As três longas décadas de ditadura tinham sumido o país num profundo período de subdesenvolvimento económico e desigualdade social. Muitos dos que viviam no centro da cidade faziam-no à margem do sistema e a única coisa que o Estado tinha para lhes oferecer era o alojamento na periferia, onde a repressão era muita e as oportunidades poucas. Por isso, a década de 70, com a chegada da democracia, trouxe consigo o profundo desejo pela justiça espacial, uma luta na qual embarcaram moradores e arquitectos. Uma bela historia de acção colectiva que visou o direito à cidade: a melhoria das condições de alojamento no local onde já se habitava, lugares antigamente periféricos que entretanto se tinham tornado centrais e, portanto, cobiçados.

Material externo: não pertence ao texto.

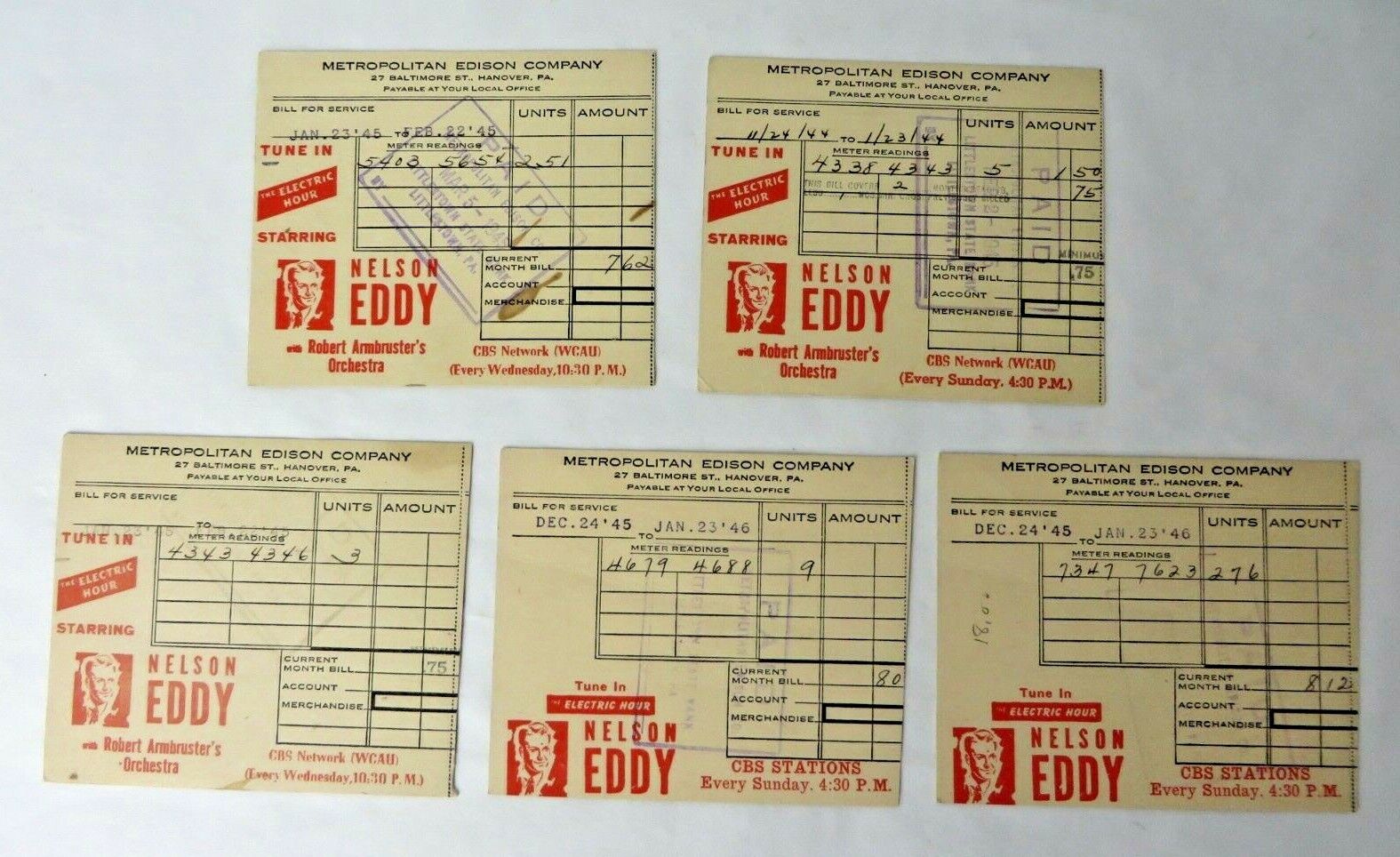 Vintage 1944 1945 Nelson Eddy CBS on Metropolitan Edison Company Bills 5X #10937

Não, não estou a referir-me ao célebre processo SAAL, que vigorou em Portugal entre 1974 e 1976, dando origem à consolidação da arquitectura moderna em Portugal e à difusão na Europa das realizações da legendária Escola do Porto. Estou a falar do processo de “Remodelación de Barrios de Madrid” que, desenvolvido entre 1979 e 1989, foi capaz de criar 38 mil habitações em 28 novos bairros, realojando aproximadamente a 150 mil pessoas que viviam em condições precárias. Vale a pena debruçarmo-nos sobre o caso espanhol, porque a ausência de certos elementos simbólicos que protagonizam o caso português permite introduzir novos elementos de análise sobre o SAAL, que nos permitam pensar como recuperar o seu espírito, numa altura em que a questão da habitação está no centro do debate público.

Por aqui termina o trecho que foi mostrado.